A man who claims to be a former intern for the Romney presidential campaign has been arrested and charged with cyber stalking and internet extortion after he allegedly obtained nude pictures of 15 women illegally and threatened to make them public.
Adam Savader, 21, of Great Neck, N.Y., was arrested by U.S. Marshals Tuesday and booked into the Nassau County jail, according to a jail spokeswoman. He is being held without bail.
If convicted, Savader may face up to five years in prison, according to a statement from the U.S. Attorney's Office in the Eastern District of Michigan, which is prosecuting the case.
According to the criminal complaint, Savader anonymously contacted 15 women via text message through a string of Google voice phone numbers. In his messages, he told the women – many of them college students – he had obtained nude pictures of them and threatened to send them to their parents and friends if they did not comply with his requests to send him more lewd photographs, the complaints states.
He reportedly proved to some of the women he had gotten a hold of their private pictures by posting them online to public photo sharing websites, the complaint stated.
He also threatened that he was going to send some of the victims' revealing pictures to the Republican National Committee, according to the complaint.
On his LinkedIn profile , Savader identified himself as a former vice presidential operations intern at Romney for President in Boston, as well as a special assistant to the chief operating officer of Newt Gingrich's 2012 campaign in Arlington, Va. Attempts to verify Savader's titles were not successful, but his Facebook page includes photos of him with Romney and Gingrich.
"If we don't have a deal I will send the pictures to those people. Is that what u want? remember what's at stake. do u want ur family and everyone in DC to see ur [breasts]? Just agree to e-mail me a pic of u in ur bra [sic]," he texted one woman, according to the complaint.
Many of Savader's victims told authorities they had nude pictures on their personal email accounts that had been password protected, which Savader allegedly hacked into.

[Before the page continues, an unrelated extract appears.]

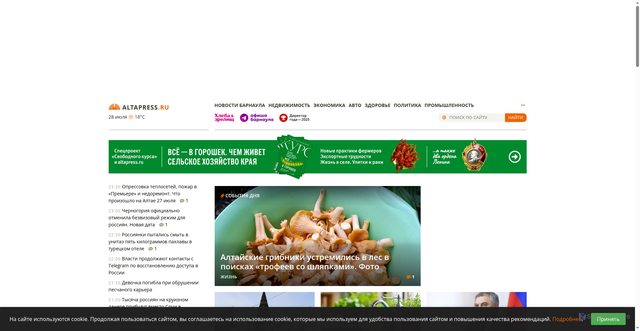 Security scan screenshot of https://altapress.ru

Some said they received notifications that their passwords had been changed before receiving threats from Savader, the complaint stated.
Savader began contacting women from September 2012 to February 2013, according to the complaint. He allegedly used the alias "John Smith" to contact these women. "John Smith" never spoke to them over the phone, only through text messages.
Authorities were able to link some of the Google Voice accounts Savader used to his IP addresses and personal cell phone account, registered in his father's name, the complaint read.
The case was brought to the attention of the FBI by detectives from the Ann Arbor Police Department who received a complaint from one of the victims, the U.S. Attorney's Office news release stated.
At least four of the women attended the same university as Savader in Michigan, the complaint stated. Other women who were allegedly blackmailed by Savader lived in Detroit, Washington, D.C. and Long Island, N.Y., according to the U.S. Attorney's Office's press release.
The criminal complaint against Savader was filed on April 17, 2013 by an FBI agent in Detroit. The warrant for Savader's arrest was issued on April 22, according to the court docket.
Attempts to reach Savader's attorney, Michael Soshnick, were not successful.